On Thursday 30 January 2003 03:41 am, Juhapekka Tolvanen wrote:
> It seems, that some licences require, that modified versions of original
> work must have new name. For example Design Science Licence is like
> that
> But what constitutes "new name"?
> If I release some poem called "Ode to Buffer Overflow" under DSL, and
> some guy called Joe "Random" Poet creates modified version of it, which
> of these names would be acceptable for that modified version?:
> - Ode to Buffer Overflow (Joe "Random" Poet Remix)
> - Ode to Buffer Overflow (version 1.0-Random-1.0)
> - Ode to Buffer Overflow revisited by Random

The important point is to correctly identify a modified version as a distinct 
work.  If you want changes to be folded into the original work, you should 
submit them to the author or get their permission.  Otherwise, you need to
release under a name which is sufficiently different so as to not confuse
potential readers/viewers/users that it is the original author's work.

The "social engineering" of this, is that DSL-type licenses want to have 
fewer, more complete releases.

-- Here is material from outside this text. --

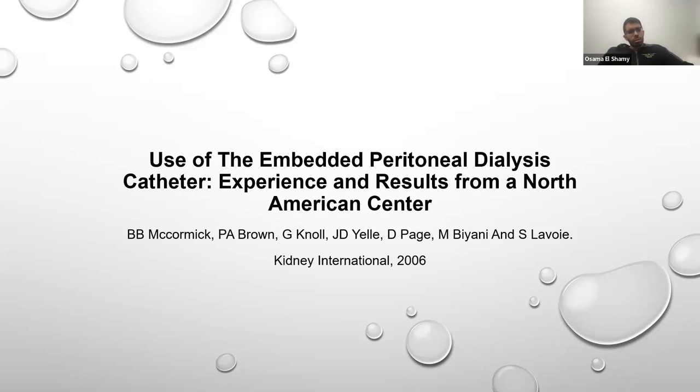We're almost at five past the hour, so I'm going to go ahead and introduce our speaker for today. Hello everyone and welcome back for our first home dialysis journal club of this calendar year. Presenting today is one of our first year nephrology fellows, Dr. Sarah Aboukar.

That's not good for every sort of work, of 
course, but it makes sense for novels or movies, for example.  If I'm reading
a novel, I want to know *who wrote it* and *what the author's voice is*. 
I don't want to accidentally read some "fixed" version, unless I know for
certain that's what it is.

Think about the "sanitized" versions of *Mother Goose* that became popular a 
few years back.  Sure, cutting off the mice's tails ("three blind mice") was 
gruesome, but if you're going to change it to protect sensitive little 
imaginations, you should call it "New Mother Goose" or something, and not 
bill it as the original.[1]

This is a defense of the author's "moral rights" in places where there is no
legally defined moral right in a work (which includes the USA, for example -- 
in fact it is only in the EU that I have heard of "moral rights" being 
defined).

The DSL doesn't "prevent" "perversions" of the original work, but it can 
insist that they are not labeled the same as the original, which could damage 
the original author's reputation.

This is (IMHO) only sensible for creative content works which might carry 
some significant political or emotional impact.  (I can think of edge cases 
for software, but in the main, programs are very objective, and there's 
little reason to demand such protection).  I think if we could think of a
legal way to define it, we'd specify that such name changes were only
important for "content" changes and not "structure" or "formatting" changes.  
(e.g. changing a fullscreen movie to letterbox format shouldn't force the 
change).  Unfortunately, that's way too fuzzy to put into a license, since
opinions of what is and is not content are very subjective.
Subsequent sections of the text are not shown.